Anti-trust law has never been a precise science, blowing hot and cold with the prevailing winds of time since it was first employed in the US in the late 1800s. It took the assassination of a protectionist president and the direct prodding of Teddy Roosevelt to get the US Department of Justice to bring its first successful case against the great trusts. Northern Securities, a holding company set up by John Pierpont Morgan and associates, had gained control of an array of railroads whose tracks spanned the northern half of the United States.

The battle, like so many great American tales, led all the way to the Supreme Court. In 1904, the shareholders of Northern Securities argued that Congress had no right to interfere in the buying or otherwise transferring of property. The nub of the debate was the tension between unfettered property rights and the public good. Looking back, it seems surprising that breaking up Northern Securities was decided with the slim margin of five to four.

The amount of money it could have gouged from controlling the transfer of goods from countless farms, forests and mines to market was mindboggling. If that wasn’t detrimental to commerce, what would be? But a century ago, many believed such overcharging would simply create an opportunity for another company to create a cheaper rival line. It would only be anti-competitive if Northern Securities were to pay off rivals or create contracts that prevented that from happening.

Buying or owning what already existed couldn’t be legal for some but a crime for others only because of what they already own. If that were true, the integrity of property rights could be eroded to nothing, argued the dissenting four Justices, led by the chief of the Supreme Court back in 1904. But they lost; it was a sea change in the law.

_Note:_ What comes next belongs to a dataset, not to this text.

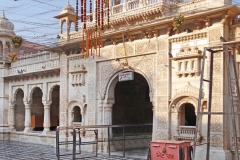 itinerary_deshnoke_temple_inside Colorful Rajasthan Tour Package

Figure 4: US stock market composition

The largest five companies in the S&P 500 index by market value represent a smaller share of the market in 2018 than in 2000. 

Source: Datastream and Rathbones.

A paradigm shift

By 1911, this new way of thinking was unanimous. In Standard Oil of New Jersey versus United States, the Supreme Court, with only partial dissent, determined that John D Rockefeller’s mob of interests in petroleum was illegal and should be broken up. The dizzying web of interconnected companies controlled 90% of the US market in shipping, refining and selling oil and its derivatives, all of it essential for the lighting and mechanisation of society.

By controlling the pipelines and refineries, it became the principal buyer and was able to set prices. It also colluded with railways to charge rivals more for transportation, allegedly sabotaged rival installations and engaged in predatory pricing (selling something for less than it costs to make in an attempt to put your opponents out of business).

This case created a new precedent and a new test: monopolies and massive businesses were not inherently bad, some may not harm the public interest. It was up to courts to use the “rule of reason” to decide in each case which were benign and which distorted the market by weighing the pros and cons. This led to some ambiguity about what was reasonable and what wasn’t. Over the decades since, a raft of anti-trust cases have built up the law. But the views of the Supreme Court Justices on the bench have been just as important as previous decisions.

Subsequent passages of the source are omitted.